Le Vrai Livre des femmes/05

La bibliothèque libre.
E. Dentu (p. 47-54).


CHAPITRE V.

LA FEMME MARIÉE.


Le mariage, ce sacrement devant l’Église, que la loi française rend indissoluble, est-il considéré comme un acte de haute moralité et les contractants se pénètrent-ils suffisamment de l’importance des devoirs que leur nouvelle condition leur impose ? Il y a certainement de saintes unions, de bons mariages, où les époux sont liés par le cœur et s’entre-aident pour l’éducation de leurs enfants. C’est à l’accord de ces couples que l’on doit la transmission du bien dans l’humanité, comme c’est à la désharmonie des autres que l’on doit la propagation du mal.

L’individualisme, en face de la Société, a pris des proportions gigantesques, l’amour de soi a supprimé l’amour de tous et c’est de cet égoïsme absolu que notre siècle a tiré sa façon d’être. On ne se marie pas pour remplir le vide de son cœur, pour se donner une compagne avec qui accomplir le but de la vie.

La nature provoque la jeunesse à s’unir. L’imagination appelle l’amour ; le plaisir lui répond… Plus tard, c’est la débauche qui parle…

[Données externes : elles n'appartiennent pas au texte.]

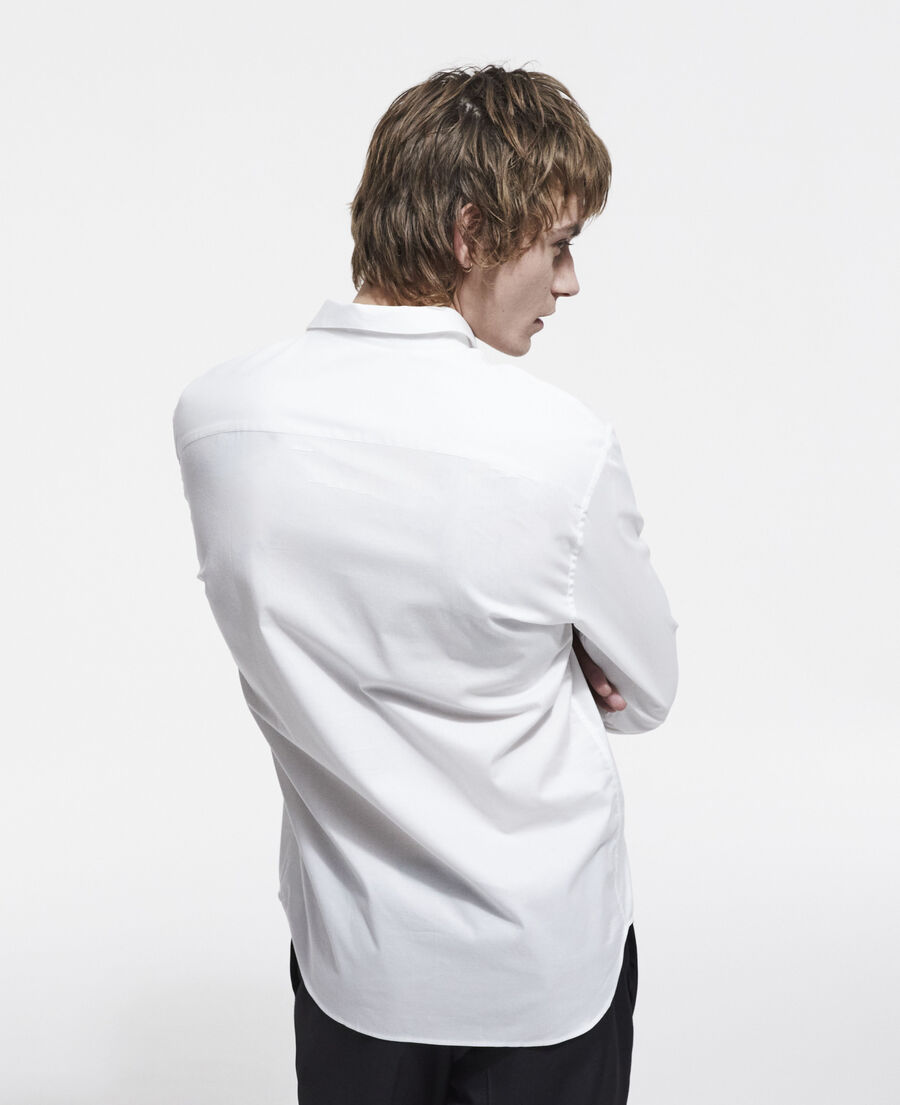 camisa algodón blanca con cuello clásico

Les jeunes gens pauvres prennent une femme parce qu’ils ne peuvent pas se payer une maîtresse ; les jeunes gens riches prennent une maîtresse parce qu’ils ne sont pas pressés de se donner une femme. L’ouvrier qui se marie pense à l’ordre que sa ménagère mettra au logis. L’oisif qui se marie, pense à la dot qu’il palpera. L’un se voit un aide ; l’autre se voit de meilleures rentes. La femme de celui-ci aura toute la charge des enfants ; la femme de celui-là apportera de quoi les faire élever. L’ouvrier, garçon, se marie pour avoir un intérieur. L’oisif, garçon, se marie quand il a ruiné sa bourse et sa santé. Celui-là ne recherche pas le mérite ; il demande à combien s’élève la dot.

De son côté, souvent la jeune fille riche s’est habituée à considérer le mariage comme un marché où chacun cherche à tromper l’autre. Elle n’attend de son fiancé ni tendresse ni dévouement. Ils se conviennent au point de vue de l’intérêt, rien de plus.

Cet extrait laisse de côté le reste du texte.